Learn more: How significance scoring splits real event data and Intelligence Digest features

Intelligence Digest

The Intelligence Digest is Beaconmon's scheduled Slack or email summary that groups every competitor change detected over a period into a plain-language digest, rather than a raw list of diffs. It is available on the Starter plan and above. Instead of checking a dashboard, a store owner or their team gets a readable roundup of what competitors did and when.

Learn more: How the Intelligence Digest works

CSS-selector monitoring

CSS-selector monitoring means tracking one specific element on a competitor's page, a price, a stock badge, a promo banner, by its CSS selector, rather than comparing the entire page as an image. This is more precise than pixel-diffing because it targets the exact piece of content that matters and ignores everything else. For a Shopify store owner, this means an alert only fires when the price or promo actually changes, not when a blog timestamp or a navigation menu updates.

Learn more: How CSS-selector change detection works

Content monitoring vs. uptime monitoring

Content monitoring watches for changes on a page you don't control, like a competitor's pricing page. Uptime monitoring watches whether a page you do control, like your own storefront, is up and responding. Both matter to a Shopify store owner: uptime monitoring protects your own revenue by catching outages, while content monitoring keeps you aware of what competitors are doing on pages you have no control over.
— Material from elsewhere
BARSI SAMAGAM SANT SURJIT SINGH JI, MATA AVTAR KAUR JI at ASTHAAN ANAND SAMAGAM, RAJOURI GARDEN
Learn more: The uptime monitoring guide and Shopify competitor monitoring

Data tier (full catalog, selected products, limited)

Data tier describes the depth at which Beaconmon can track a given competitor, ranging from full product-feed access down to a handful of manually specified product URLs. A competitor with a full catalog feed gets broader, more automatic coverage, while one tracked at a limited tier only reports changes on the specific pages a store owner has added. Which tier applies to a given competitor depends on what data that store's site exposes, not on the plan a customer is on.
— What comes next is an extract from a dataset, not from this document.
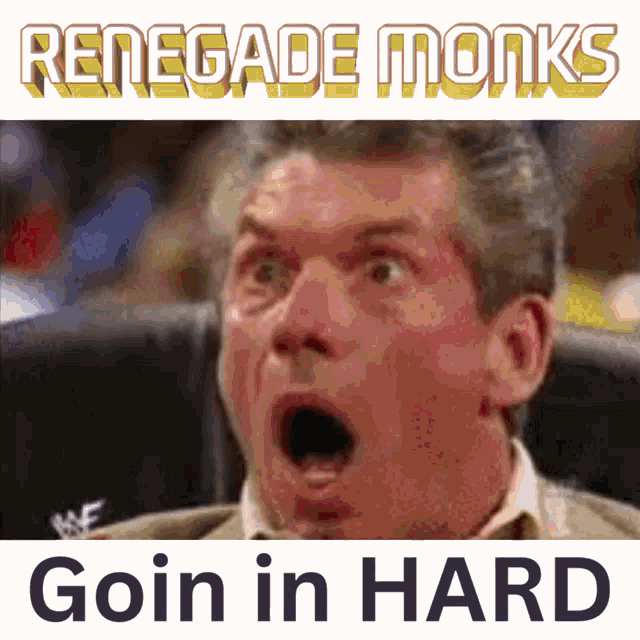 renegade monks goin in hard with a surprised face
Restock speed / stockout resolution time

Restock speed, or stockout resolution time, is the time between a product going out of stock and coming back in stock. A fast restock, hours rather than days, often points to manufactured urgency rather than a genuine shortage, while a slow restock suggests a real supply constraint. Comparing restock speed across competitors helps a Shopify store owner tell which "low stock" messaging is a sales tactic and which reflects an actual inventory problem.

Learn more: Median restock speed across tracked competitors

Product churn (Shopify)

Product churn is when a new product listing appears in a competitor's catalog and then gets pulled again within a short window. It often signals a failed test launch rather than a permanent addition to the catalog. Tracking churn tells a Shopify store owner which of a competitor's new products are worth watching and which were pulled before they gained any traction.
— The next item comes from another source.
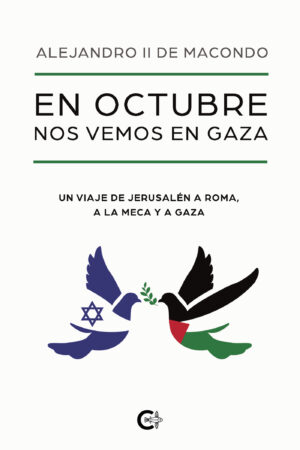 EN OCTUBRE NOS VEMOS EN GAZA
Learn more: How often new Shopify listings churn

Domain / SSL expiry alert

A domain or SSL expiry alert is a warning fired when a monitored domain's SSL certificate or registration is approaching expiry, at 30, 14, and 7-day thresholds. It is distinct from an incident because it does not indicate current downtime, only a risk of downtime if the certificate or registration is not renewed in time. Catching this early gives a store owner time to renew before a browser starts warning visitors that the site is not secure.

Learn more: How Beaconmon handles security and monitoring data

The two tribes of DTC discounting

The two tribes of DTC discounting is Beaconmon's own term for a bimodal pattern in how direct-to-consumer brands discount: most brands cluster into one of two groups, those that almost never discount and those that almost always do, with comparatively few landing in the middle. Knowing which tribe a competitor belongs to tells a Shopify store owner what to expect from their pricing behavior, rather than reacting to each price change as a surprise.